GaN LEDs are commonly used in artificial light sources due to their efficiency, spanning room-scale lighting to microLEDs for displays. This is mainly driven by their quantum efficiency: the proportion of electrons converted into photons. However, GaN LEDs have more recently been considered for data transmission, in which modulation speed becomes a key metric. Most LED structures are limited in their response time, as the carrier lifetime of the electrons and holes tends to be relatively long. Some microLEDs provide for high-speed operation with a relatively small penalty in efficiency. In some embodiments the microLEDs comprise: a p type GaN layer; an n type GaN layer; and a plurality of alternating quantum well layers and barrier layers between the type GaN layer and the n type GaN layer, with the quantum well layers being undoped and with the barrier layers being doped. In some embodiments some of the barriers are doped and some of the barriers not doped. In some embodiments, barriers closer to an n side of the active region of the LED are doped, and barriers closer to a p side of the active region of the LED are not doped. In some embodiments only a central portion of each barrier layer is doped. In some embodiments the doping in the barrier layers is p doping. In some embodiments the doping concentration for the doping in the barrier layers is at least 1019/cm3. In some embodiments the doping concentration for the doping in the barrier layers is at least 1020/cm3. In some embodiments the doping in the barrier layers is with Mg. In some embodiments the p type GaN layer is doped with Mg. In some embodiments the n type GaN layer is doped with Si. In some embodiments, these microLEDs can provide transmit speeds of several GHz, greater than the typical clock speed of current logic, and so can directly interface with a memory bus. These LEDs therefore provide the transmitter of the optical system. In contrast to the lasers typically used for optical telecommunication, LEDs are incoherent sources. While this restricts the length of the interconnect due to the fundamentally spatially multimode output, it removes a need to drive the device above a lasing threshold, offering very low power operation.

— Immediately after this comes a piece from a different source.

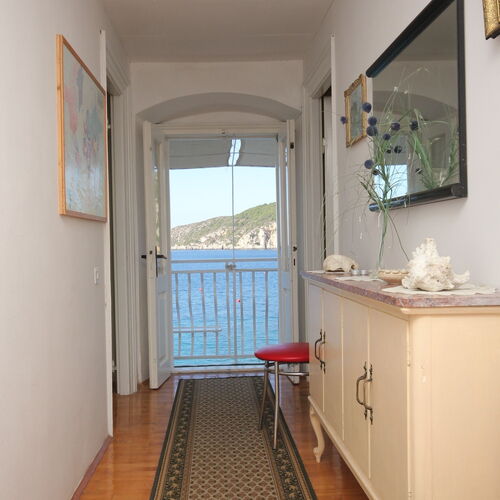 Apartmanok A Tenger Mellett Komiza, Vis - 9703 Komiža  3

These devices are generally fabricated on a sapphire substrate and lifted off and transferred onto a target wafer. The liftoff/transfer process is independent of the target wafer material and process. For example, a CMOS wafer could be used for direct integration of the microLEDs with logic or memory and fabricated with various process node technologies. This liftoff/transfer process has been developed by the microLED display industry for displays with >1 million microLEDs and is adopted here. It can readily provide an LED pitch of ˜50 um, or ˜400 devices per square millimeter. GaN has a large bandgap and so can emit small-wavelength light.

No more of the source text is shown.